La poésie permet donc ainsi au poète d’exprimer ses sentiments de manière lyrique, que ce soit dans l’amour, le spleen ou encore la plainte élégiaque. Cependant, la poésie n’est pas centrée uniquement sur la personnalité et les émotions du poète. Elle permet également de décrire le monde et est tournée vers l’extérieur.

Beaucoup d’auteurs consacrent leurs poèmes à la description de la nature ou de la ville. La première, très prisée dans la poésie lyrique, est élogieusement décrite à l’aide de détails précis et fait appel aux différents sens du lecteur. Dans « Le dormeur du val » écrit en 1870, Rimbaud nous fait le portrait d’une nature belle et paisible, dans lequel le soldat est assoupi. Le poète utilise le lexique des sensations, comme l’odorat avec l’expression « frissonner sa narine », l’ouïe, avec « chante une rivière », ou encore le toucher avec « baignant dans le frais cresson bleu » afin de souligner les sensations agréables éprouvées par le dormeur. Celui-ci fait presque corps avec la nature, puisqu’il est « étendu », « bouche ouverte » ; il s’abandonne paisiblement à « ce trou de verdure ». La répétition de la préposition « dans » sous-entend même une possible fusion entre le soldat endormi et la nature. La ville, quant à elle, est un sujet abordé à partir du XIXème siècle, notamment suite à la rénovation entière de Paris sous la direction du grand architecte Haussmann. Le poète est témoin de ces grands changements, qui deviennent pour lui une source d’inspiration. Rimbaud dit ainsi, dans sa lettre à Paul Demeny, « le Poète se fait voyant » ; il a le privilège de rénover le regard de la société sur l’environnement. Ainsi, dans son poème « Paysage », Baudelaire présente au lecteur son « Paris rêvé ». La ville prend une dimension presque humaine, comme l’illustrent les personnifications « des jets d’eau pleurant dans les albâtres » et « des oiseaux chantant soir et matin ». La nature et les quatre éléments (« eau », air, terre, feu) sont de ce fait des personnages évoqués de manière récurrente dans cette section des Fleurs du Mal, Tableaux Parisiens. La poésie permet donc de décrire le monde des auteurs, qui assistent à de profonds changements de leur environnement ; elle est tournée vers l’extérieur. Elle a également la faculté de dépeindre la société des poètes et la condition humaine en s’inspirant de leur propre quotidien.
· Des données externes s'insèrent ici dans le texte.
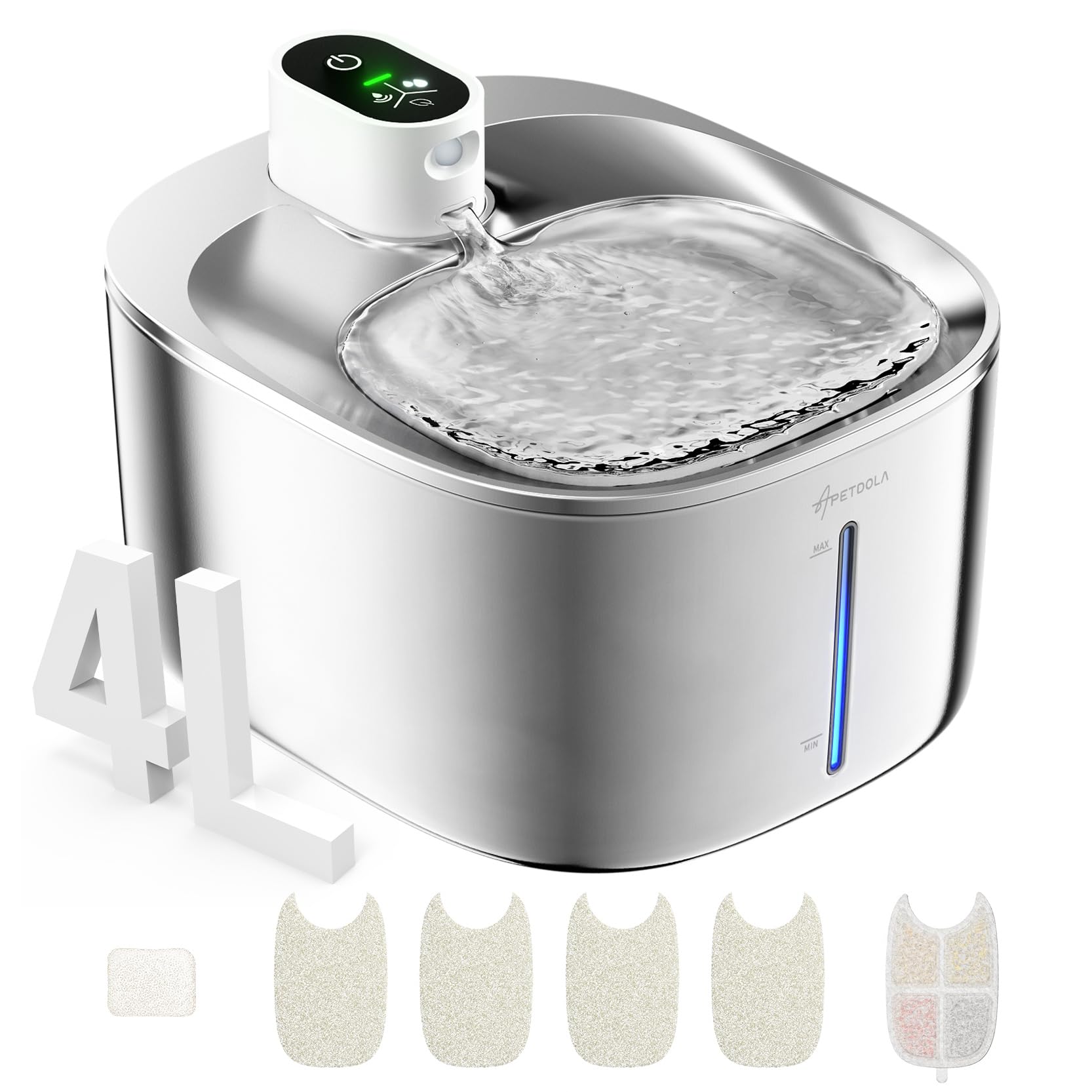 APD APETDOLA wireless cat water fountain in stainless steel offers rust-resistant durability for daily use.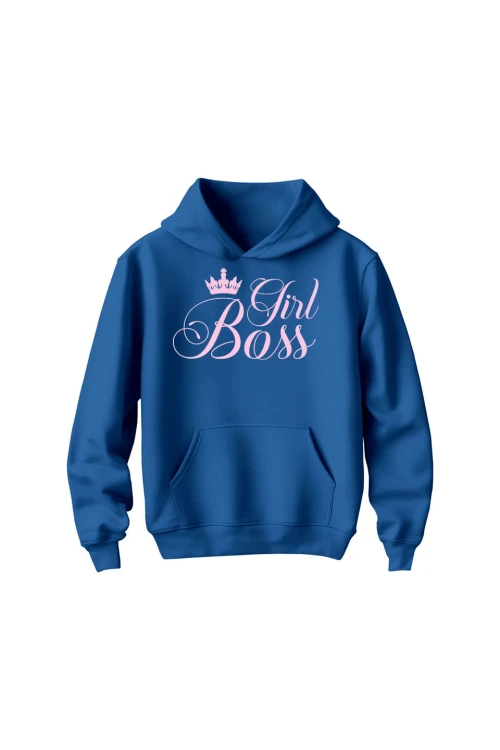 Bluza dziecięca z kapturem Girl Boss - niebieska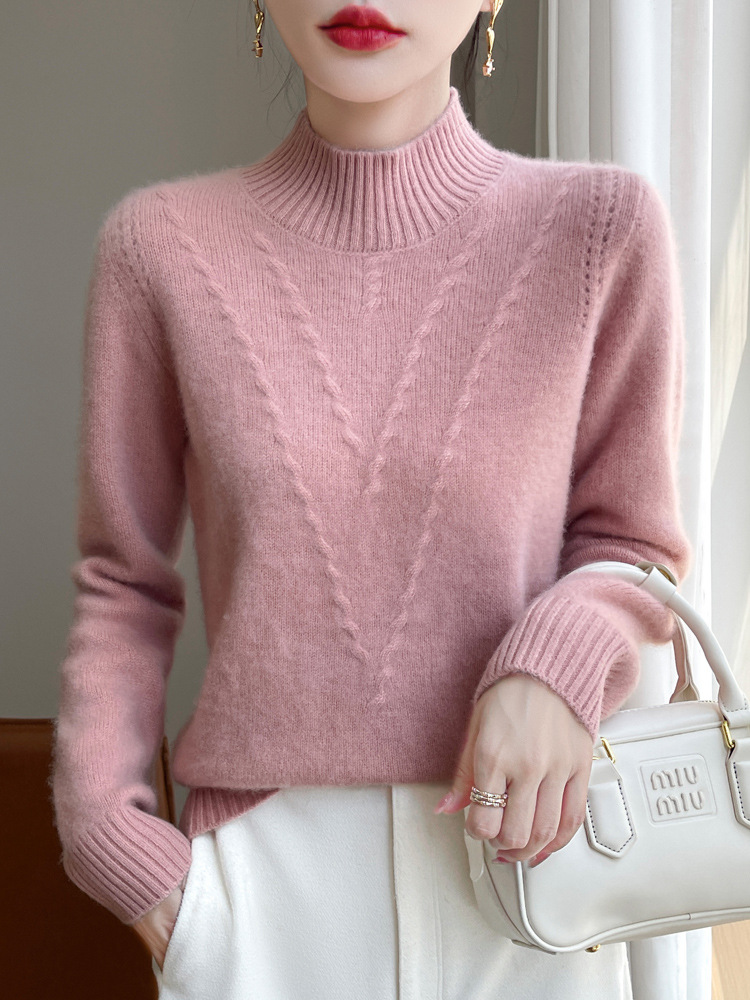 Picture of Autumn and winter new twist thickened semi-high collar jacquard sweater women's soft waxy skin-friendly all-match cashmere knitted base shirt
Ainsi, certains poètes se rapprochent du réel en décrivant les moments les plus banaux issus de la vie quotidienne, poussant le lecteur à modifier sa perception du monde. Ils utilisent des détails précis, comme des indicateurs spatio-temporels et des adjectifs qualificatifs, dans le but de renforcer le réalisme de leur poème. Par exemple, Jacques Prévert, dans « La grasse matinée » issu du recueil Paroles, transpose le lecteur dans une situation qu’il connait bien afin de le confronter à sa propre réalité. Les points d’ancrage sont réalistes : « six heures du matin », « zéro francs soixante-dix », « deux tartines beurrées » ; le lecteur peut donc facilement s’y reconnaitre et porter une autocritique sur lui-même. Prévert porte un jugement sur ce quotidien par l’anaphore du vers « Il est terrible », répété comme un refrain. De plus, le poète peint parfois de façon très réaliste la vie dans tout ce qu’elle a de plus cruel. C’est ce fait Ronsard dans son célèbre poème « Je n’ai plus que les os » ; la mort est annoncée de façon crue et brutale, notamment par l’énumération d’adjectifs dévalorisants « décharné, dénervé, démusclé, dépulpé » qui accentue l’aspect hideux de la décalcification. C’est sa propre mort qui est ici évoquée, comme le montre la répétition du pronom personnel « je » (« je semble, « je n’ose) et les déterminants possessifs « mes » (« mes chers amis, « mes bras », « mes yeux »). Le poète peut donc prendre la liberté de dépeindre les images les plus macabres et lugubres du monde par le biais des outils qu’offrent la création poétique, et ainsi changer le regard du lecteur sur lui-même et sur la société qui l’entoure.